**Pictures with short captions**
◆ ◆ ◆ ◆ ◆ ◆ ◆

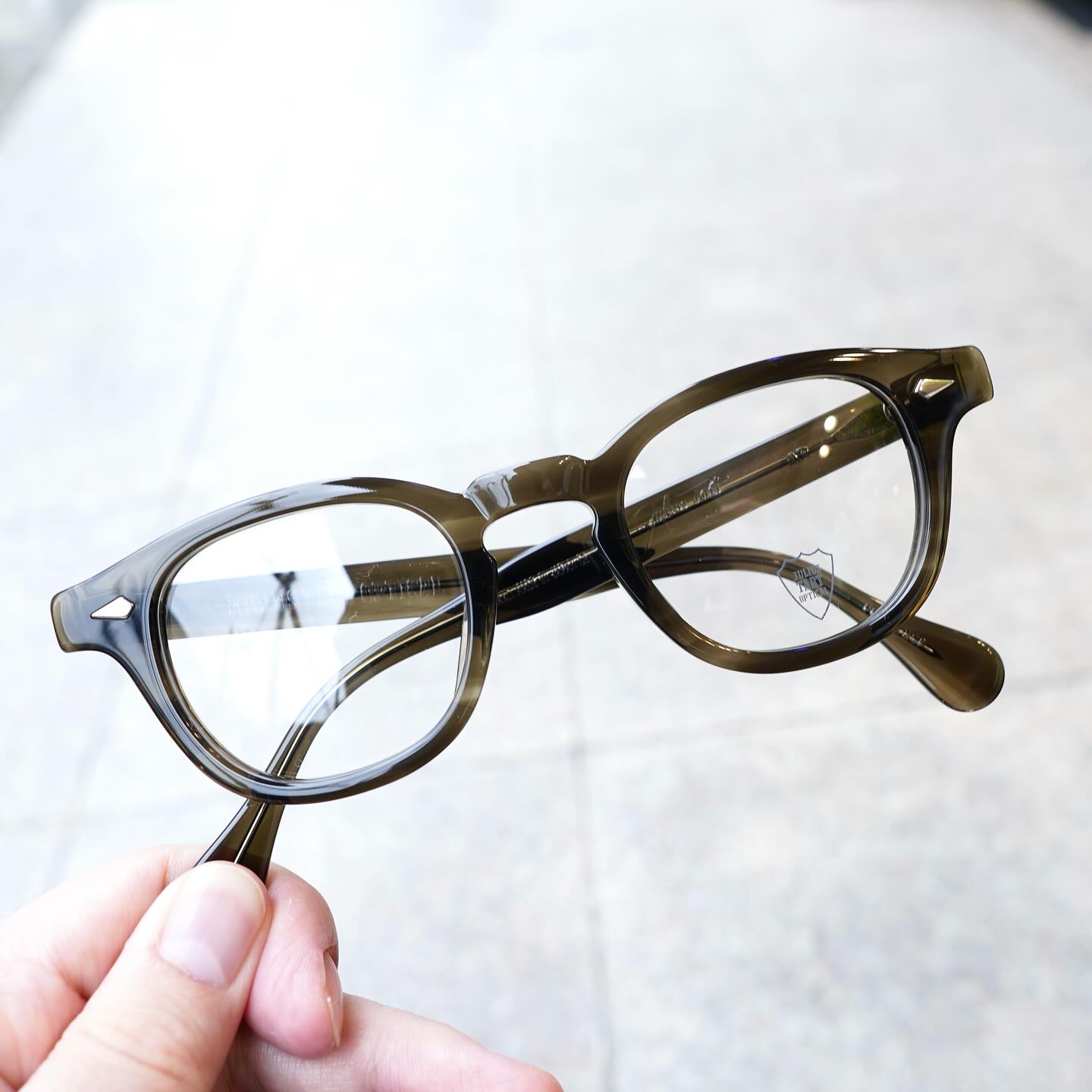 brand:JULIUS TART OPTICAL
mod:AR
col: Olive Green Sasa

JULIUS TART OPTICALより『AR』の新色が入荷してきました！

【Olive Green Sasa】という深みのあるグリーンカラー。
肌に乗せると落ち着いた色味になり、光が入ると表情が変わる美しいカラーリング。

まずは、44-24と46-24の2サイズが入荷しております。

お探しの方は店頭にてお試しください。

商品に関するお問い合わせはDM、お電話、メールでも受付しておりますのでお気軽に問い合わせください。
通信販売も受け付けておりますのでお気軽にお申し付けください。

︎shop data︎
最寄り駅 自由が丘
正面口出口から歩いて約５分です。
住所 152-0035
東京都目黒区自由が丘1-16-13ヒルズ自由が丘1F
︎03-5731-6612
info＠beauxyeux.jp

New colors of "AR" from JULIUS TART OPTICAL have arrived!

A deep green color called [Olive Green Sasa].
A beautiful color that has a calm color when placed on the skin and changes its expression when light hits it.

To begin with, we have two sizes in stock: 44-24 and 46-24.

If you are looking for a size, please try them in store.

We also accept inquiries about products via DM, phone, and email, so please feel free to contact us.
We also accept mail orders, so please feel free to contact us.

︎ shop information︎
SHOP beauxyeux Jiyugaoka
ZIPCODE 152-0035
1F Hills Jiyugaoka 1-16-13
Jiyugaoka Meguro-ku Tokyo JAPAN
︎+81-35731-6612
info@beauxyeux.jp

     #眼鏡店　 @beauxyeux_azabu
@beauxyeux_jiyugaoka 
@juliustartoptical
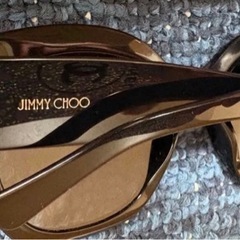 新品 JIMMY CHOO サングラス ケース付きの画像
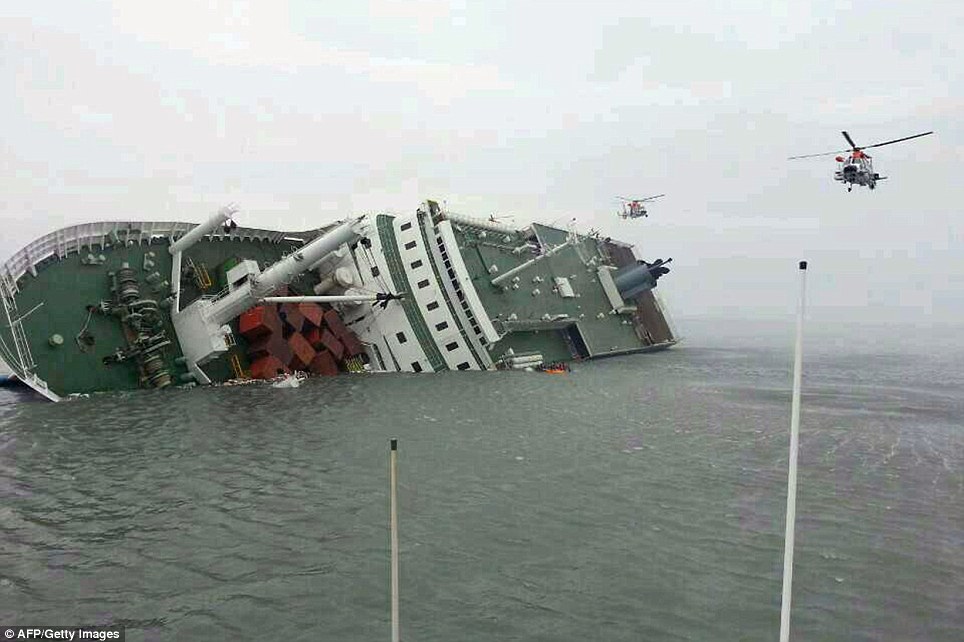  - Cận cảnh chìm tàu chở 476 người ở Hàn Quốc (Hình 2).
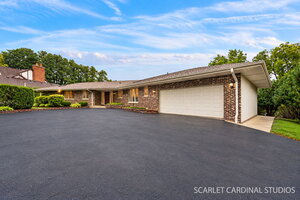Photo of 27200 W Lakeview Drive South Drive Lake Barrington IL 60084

◆ ◆ ◆ ◆ ◆ ◆ ◆

**About this exercise**
If the string "contact" is in a line of the entries, pick that line out.

**Answer box**
We also accept inquiries about products via DM, phone, and email, so please feel free to contact us.
We also accept mail orders, so please feel free to contact us.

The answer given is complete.